START INFORMATION PROVIDED

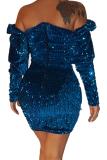 Blue Sequin Off Shoulder Club Dress
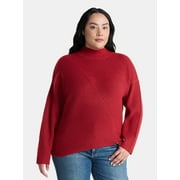 TERRA & SKY Women’s Plus Diagonal Ribbed Mock Neck Sweater, Lightweight, Sizes 0X-5X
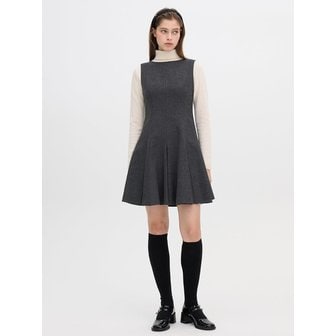 올리브데올리브 보트넥 핏앤플레어 슬리브리스 원피스 OW4WOA290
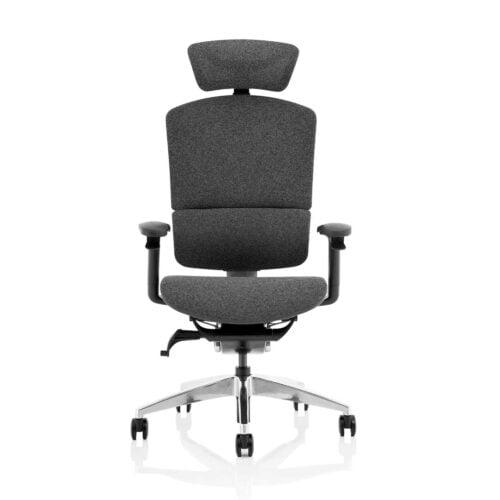 dynamic ergo click plus grey fabrimesh chair with headrest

END INFORMATION PROVIDED

WHAT IS NEEDED: Reproduce the material above exactly, but only from the line with "올리브데올리브 보트넥 핏앤플레어 슬리브리스 원피스 OW4WOA290" through its last line, leaving pictures out.

ANSWER SECTION:
 올리브데올리브 보트넥 핏앤플레어 슬리브리스 원피스 OW4WOA290
 dynamic ergo click plus grey fabrimesh chair with headrest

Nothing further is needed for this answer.